4. Uncertainty in DH, ProvideDH annotation tool demo and personas

The last part of the workshop evolved from a presentation of key concepts of uncertainty and complexity in DH, based on a new taxonomy result of the VisUsal and the rest of the ProvideDH partners’ research, to a collective formulation of potential users beyond the academic research domain who could be interested in the data visualization of DH, as well as a round of presentations from participants in relation to their own research processes.

Regarding the key concept of uncertainty, based on the real context of the ProvideDH project and a demo processing data of the 1641 Irish Depositions, the discussion was centered on the key distinction between types of uncertainty, namely (1) “Ignorance” (lack of context); (2) “Non credibility” (error or bias seen to be entering the system); (3) “Variation” (differing values within a contested category); and (4) “Gaps” (outlier record where information is missing).

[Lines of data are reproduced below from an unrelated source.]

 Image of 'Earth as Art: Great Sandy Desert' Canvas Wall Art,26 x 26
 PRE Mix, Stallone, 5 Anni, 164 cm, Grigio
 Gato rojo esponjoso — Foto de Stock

The discussion, evolving around the ProvideDH approach to uncertainty, raised questions about plausibility and/or credibility as a potential additional category (based on the propagation of uncertainty in a given corpus), as well as uncertainty in relation to context, metadata etc. 

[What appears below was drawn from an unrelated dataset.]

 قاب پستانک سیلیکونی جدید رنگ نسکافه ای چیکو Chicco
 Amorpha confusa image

Photo by Eveline Wandl-Vogt (CC_BY 4.0)

After the ProvideDH platform demo and discussion, participants worked on a series of “personas” or potential end-users for data visualization in DH and its level of uncertainty in relation to it, following the OI perspective for opening up the Dh research process to wider audiences (from people interested in culture, to artists or policymakers). Results centered around the following personas:

Photo by Eveline Wandl-Vogt (CC_BY 4.0)

  • Geography teacher: in this case in the field of geographical data and DH, needing knowledge about existing tools for teaching, for example allowing user generated content. Especially with the challenge that uncertainty is not usually well represented in maps, which is something needed for transmitting knowledge to students (and for them, it should be easy to use).
  • “Casual” user: in this case the audience is potentially very large, with any person that visiting a space or accessing by serendipity a source of visual information (museum visitors, tourists, pedestrians, generalist social media users, etc). In this case the experience has to be very immediate, where this type of persona does not have specific tasks to perform. Diverse concepts and approaches have been developed for these type of users in the last 10 years, based on a lot of assumptions, but not specifically how they could deal with uncertainty regarding data.
  • Art curator: a type of user that can relate to different types of digital materials: non-digitial, digitized and born-digital. In this case, the type of user requires to think about art in a way that could also be interested in uncertainty in DH, especially the type of discoveries that can raise when significant gaps or variations are identified.
  • Policymaker: imagining a type of public servant that works at the cultural department of a given city council, he or she would probably have a good background or experience in data visualization for engaging in culture through DH. This persona works with the need to focus also on diversity issues in the arts, with a preference for local data and representativeness, but could also be a type of user with a low level of certainty regarding visualizations.

In addition to final presentations of projects such as GeoBlob and WWI or Stereoscope by participants, for the organisers the workshop was an OI experience itself as a work in progress, where apart from the discussions and visualizations, it was possible to advance in the session methodology and detect future improvements, thanks to the involvement and knowledge of all the participants.